It was late June and I was snuggled up under a blanket, watching a 90’s sitcom and eating some Cheetos. In between my lazy haze, I got a new email notification on my laptop. Being used to not receiving many emails over summer, I was surprised to see one from the UMass Amherst College of Information and Computer Sciences (C.I.C.S.) with the subject “Grace Hopper Travel Award.” The email included a hearty congratulations and travel details for selected applicants to the 2019 Grace Hopper Celebration (G.H.C.) in Orlando, Florida. I couldn’t believe it. I was going to a conference dedicated to promoting diversity, inclusion, and belonging-ness in the technology community. However, as a rising sophomore, I felt unprepared. I felt like I didn’t deserve the chance to attend. I felt like I didn’t belong.

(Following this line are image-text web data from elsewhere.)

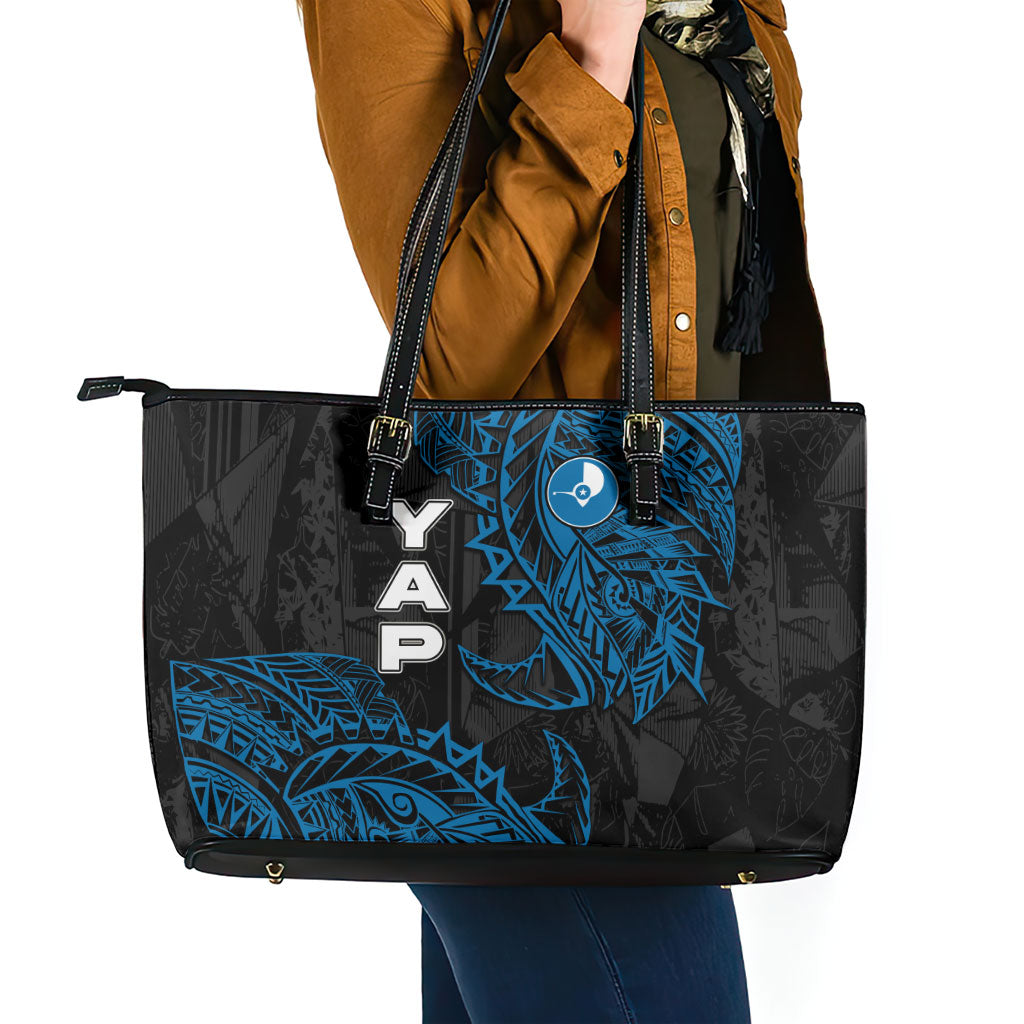 Yap Island Tribal Heritage Leather Tote Bag Micronesian Polynesian Tattoo Pattern Blue Black Cultural Art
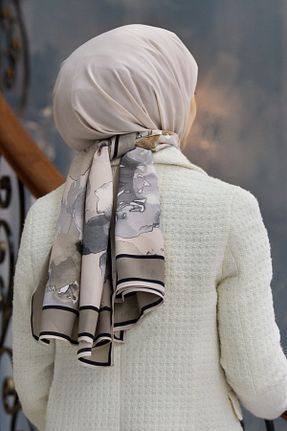 شال بژ زنانه Medine İpeği Vissona - کد 454747722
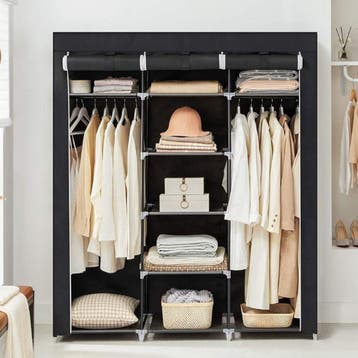 Hoppa! RYG12B Stoffen Kledingkast Zwart van €29 voor €19, Ophalen of Verzenden, Nieuw, Overige materialen, Met plank(en)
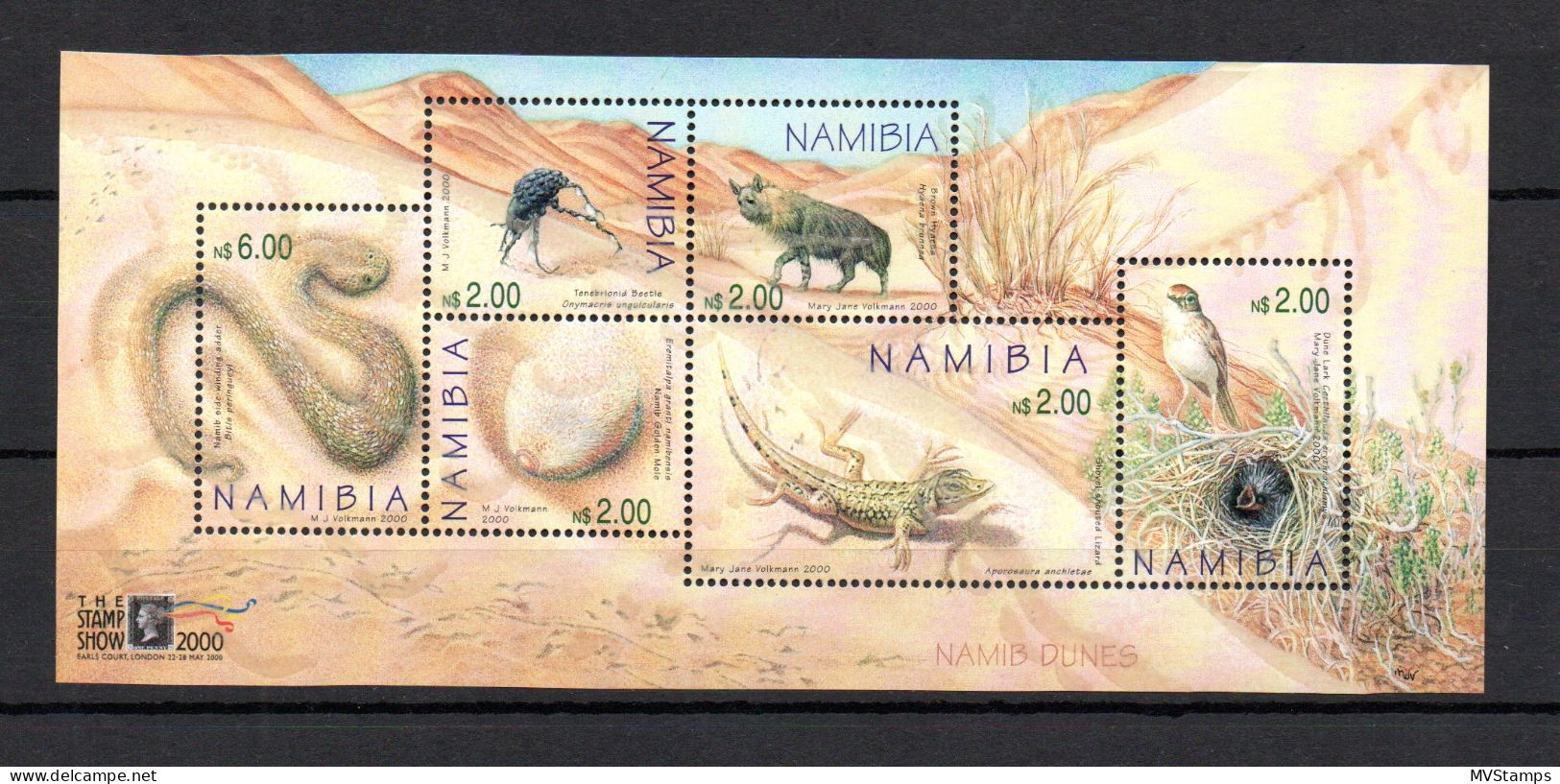 Namibia 2000 Set Snakes/Reptiles/birds Stamps (Michel Block 53) MNH - Namibie (1990- ...)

About a couple of weeks after the conference, I now know that I couldn’t have been more wrong. Below are a list of 4 words that describe my experience at the world’s largest gathering of women in computing:
When I met the 9 other grant awardees that I’d be traveling with, I knew that I was in for an amazing trip. I was younger than all of them and each one of them acted as a mentor throughout the conference with their supportive words and guidance. Before the conference, I printed out about 30 resumes, so I was excited to say the least. It was refreshing to see that everyone else was as excited as me too. Although we weren’t enthusiastically bouncing off our seats on the plane to Orlando (most of us were passed out), we all had a certain energy about us, an energy that stemmed from a mix of enthusiasm, gratitude, and fear.
Personally, I was afraid of what to expect. What if the opportunity would be wasted on me?
I was right about one thing: I definitely didn’t know what to expect. G.H.C. had about 25,000 people attend this year. I think that massive numbers didn’t hit me until I saw the registration lines that’d take hours to get through or the auditoriums that were at maximum capacity. It was surreal to be among so many brilliant people, but it was also intimidating to be around so much talent. Adding to the stress, I had several interviews spread out across the 3 days of the conference. While I was incredibly grateful for the opportunity to connect with amazing companies, I was also intimidated by the interview process as I still felt like I wasn’t good enough to receive any offers. Towards the end of the conference, I’d realize I was wrong once I received follow-up emails and offers from a few of my dream companies I’d love to work for. Before I got those acceptance emails, however, I sought inspiration from some of the most inspiring people that I had the pleasure of meeting.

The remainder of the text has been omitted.